Sinclair sensed this fright and knew his plan would not be popular with everyone. “The whole power of vested privilege will rise against it,” he predicted. “They are afraid the plan will put into the minds of the unemployed the idea of getting access to land and machinery by the use of their ballots.”
At the time, the unemployed had every right to be frustrated. Even those who had jobs were earning less than a living wage. A farm worker in 1934 could expect to earn between 20 and 25 cents an hour—roughly $1.50 in today’s money. Throughout 1933 and 1934, agricultural workers, dockworkers, dairy workers, and others had gone on strike for better pay, better working conditions, and the right to unionize—leading to bloody clashes with their employers, policemen, and even the National Guard.
In October 1933, cotton pickers in the small town of Pixley, California went on strike to protest poor pay and mistreatment. In an ensuing clash with armed ranchers, two strikers and a representative of the Mexican consulate were shot and killed. Eight ranchers were brought to trial in the killings, but they were acquitted and a barbecue was thrown in their honor.
When lettuce and artichoke pickers went on strike in the Salinas Valley in August-September 1934, they were shot at by ranchers, beaten by the California Highway Patrol, and had their labor camp burned to the ground.
Labor conflicts in the state threatened to boil over into all-out war. In July 1934, the entire city of San Francisco shut down following a longshoremen’s strike that claimed the lives of two men. More than 100,000 union workers walked off their jobs in protest, and the California National Guard was called in to keep order. For days, soldiers in tanks and trucks with mounted machine guns patrolled the streets, giving the eery feeling of a city under siege.
The man responsible for deploying the National Guard was Frank Merriam, who put the blame for unrest “squarely on the shoulders of Communist agitators,” as the L.A. Times reported. “It is not a bugaboo held up to frighten women and children,” he told a Kiwanis convention in Coronado, California on October 20, 1934. “Communists have attempted to destroy food supplies to whole cities, and have worked their way into schools and colleges.” Of the longshoremen’s strike, Merriam said, “I’m not sorry it happened.

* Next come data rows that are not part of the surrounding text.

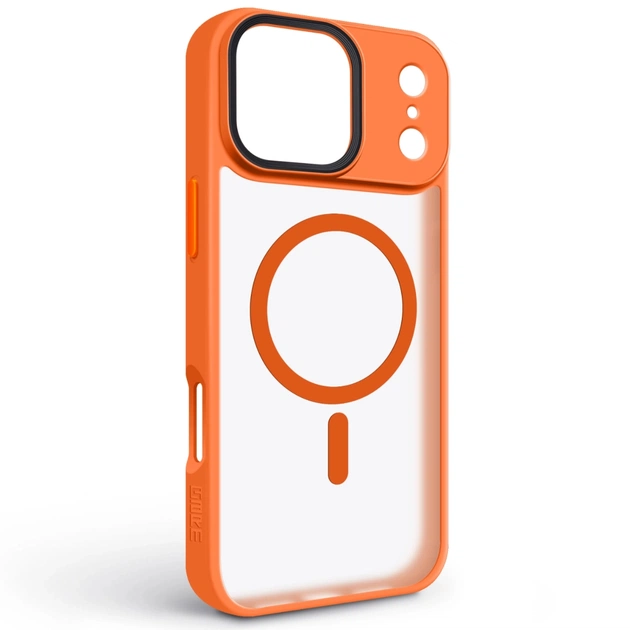 Чохол до мобільного телефона Armorstandart Uniq MagCase Apple iPhone 17 Pro Max Orange (ARM86621) - зображення 1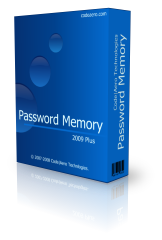Password Memory 2009 Plus v2.0 Build 118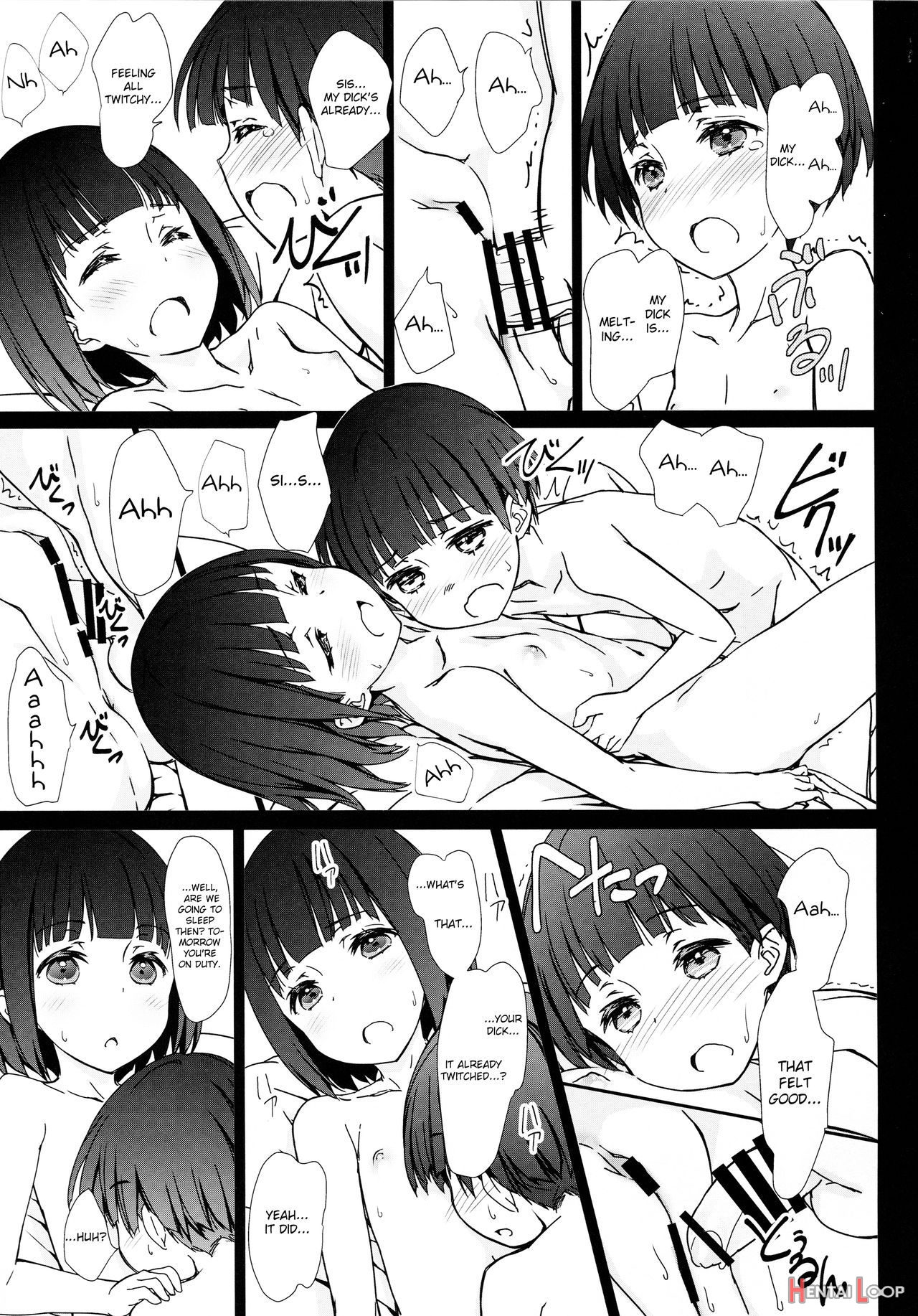 My Big Sister And Me page 10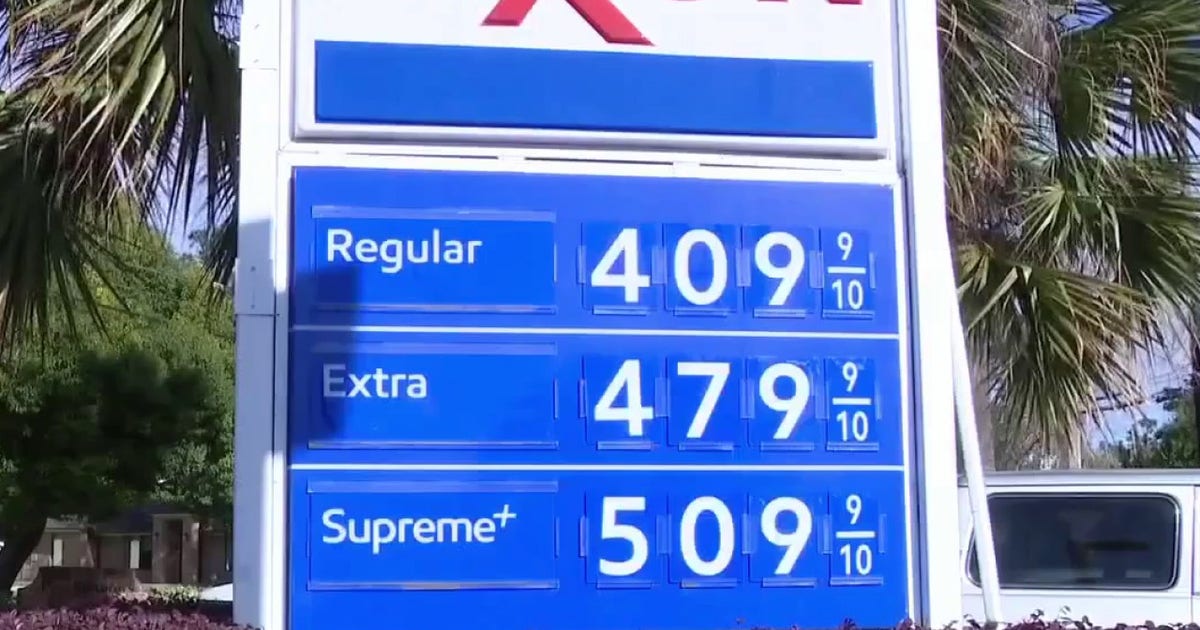 Gas prices continue to rise following Iran strikes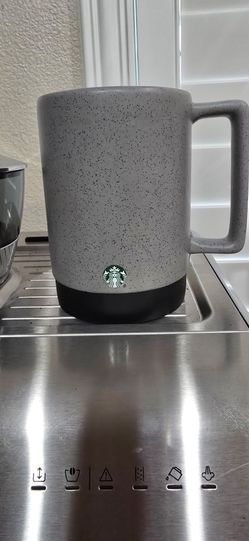 GREY STARBUCKS MUG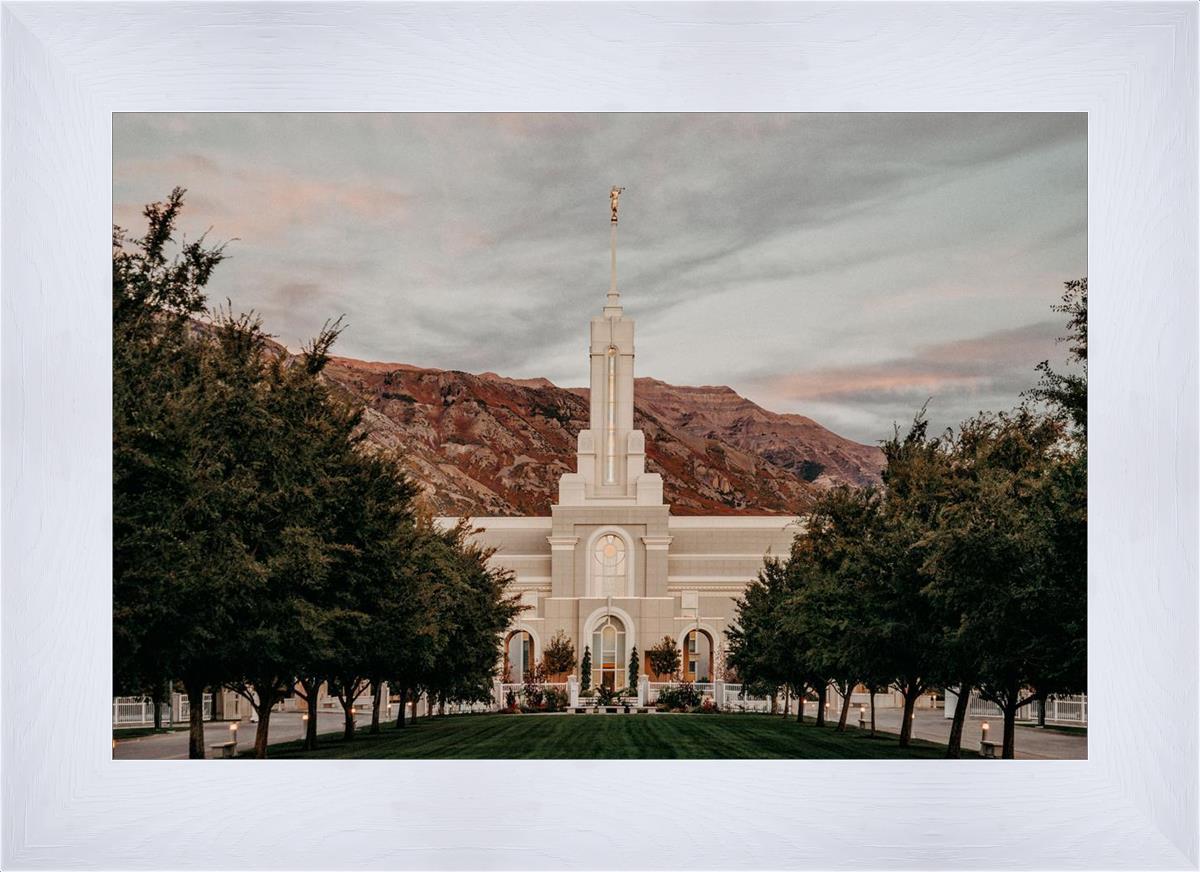 Mount Timpanogos a Firm Foundation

It gave us practical demonstration of what the Communists would do if they ever ascended to power.”
Sinclair empathized with the frustrations of California’s workers. He himself had been arrested while protesting at a dockworkers’ strike in San Pedro in May 1923. His conscience would not allow him to be silent when, in January 1934, an ACLU lawyer representing lettuce pickers in the Imperial Valley was kidnapped and beaten by members of the local American Legion. The incident prompted Sinclair and other ACLU representatives to send a personal telegram to President Franklin D. Roosevelt. “Outbreak of armed violence and uncontrolled mob action,” the telegram warned. “State of terror exists.”
If “class warfare” had erupted in the state, on the political scene, another war—one of words and propaganda—was gearing up. Sinclair’s prediction about vested privilege was about to come true, as a massive anti-Sinclair media campaign funded by California’s wealthiest businessmen gained momentum.